How to Find the Right Tutor for your Child
I found my very first knitting project a while back and it was a hot mess. Holes where there shouldn’t be holes, dropped stitches, added stitches, and changes in stitch size. Even if you don’t knit, know that all of that is bad.
I learned how to knit about 6 years ago. A friend showed me the basics, but I was then left to books and YouTube. I would read the same directions or watch the same video over and over again, trying to understand them but getting stuck. I was lost on something that everyone else seemed to understand just fine.
Does that ever happen to you? I know it can happen to parents when they try to find a tutor for their kids. The teacher says, “I think your child would benefit from working with a tutor.” And you say, “OK, I’ll get on that.”
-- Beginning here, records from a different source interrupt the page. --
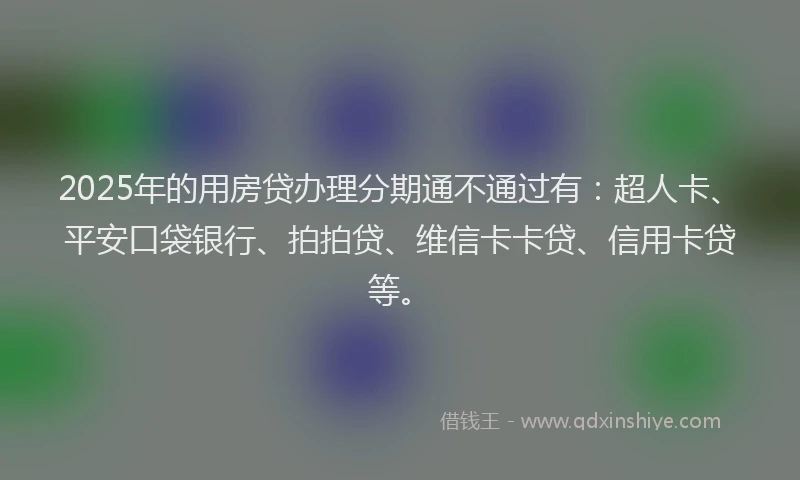 2025年的用房贷办理分期通不通过有：超人卡、平安口袋银行、拍拍贷、维信卡卡贷、信用卡贷等。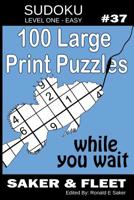 Sudoku Level One Easy #37: Gone Fishing With Your Sudoku Large Print Puzzles while you wait 107385616X Book Cover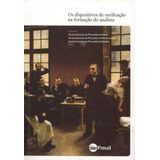 Os Dispositivos De Verificação Na Formação Do Analista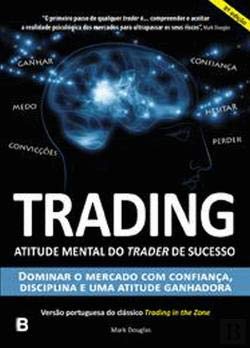 Trading Atitude mental do trader de sucesso (Portuguese Edition) [Paperback] Mark Douglas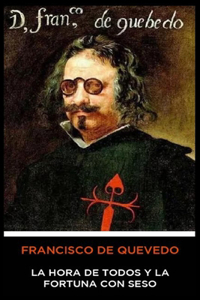 Francisco de Quevedo - La Hora de Todos y la Fortuna con Seso
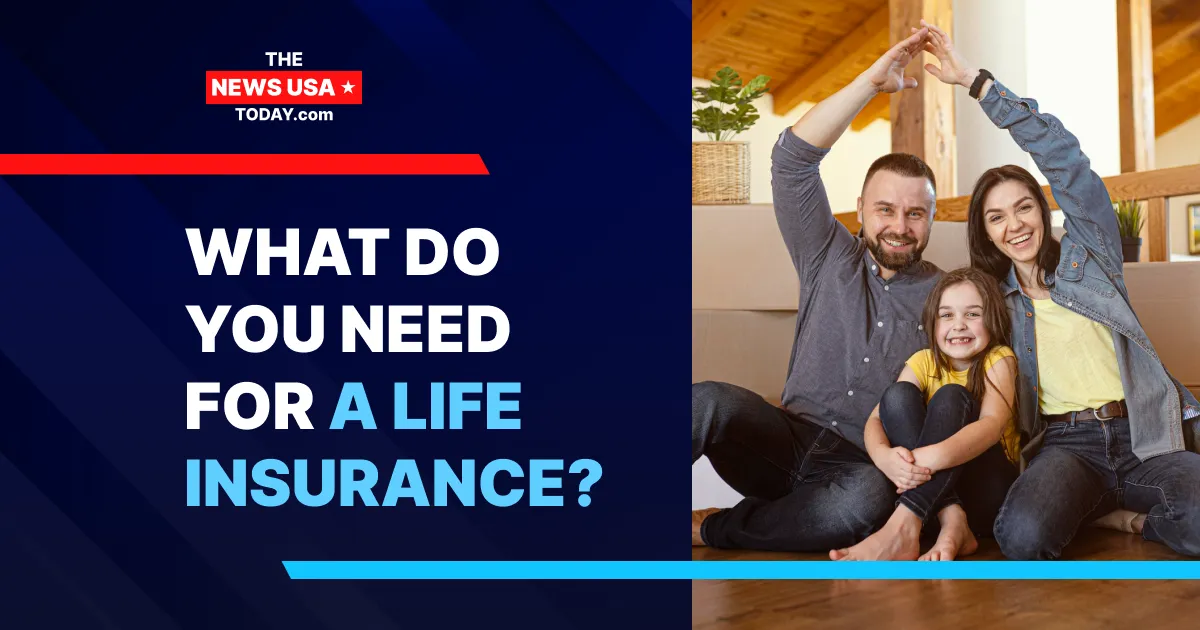 What do you need for a life insurance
Except, you have no idea how to get on that, where to look, or what to look for. So, you either work blindly or maybe, kind of, give up.
Below I have some tips to save you time and frustration. To help you out, I also created a quick worksheet to help you through the process.
How to Find the Right Tutor for your Child
What are you Looking for?
You need to start the search with an idea of what you’re searching for. Finding a dyslexia tutor is very different than finding an AP English tutor. Having answers to the following questions will help you select the right tutor.
What kind of help does your child need? It might be for a specific course, such as Chemistry. Maybe your child needs help getting organized. Or your child has a learning disability and needs assistance coping with that. The three examples I gave are all completely different services – most tutors couldn’t do all 3.
How often do you want to meet? To see the best results, most tutors will want to meet at least once a week. You might be able to stretch it to every other week, but it will take longer to see results. If you’re looking into test prep, be prepared for several months of tutoring.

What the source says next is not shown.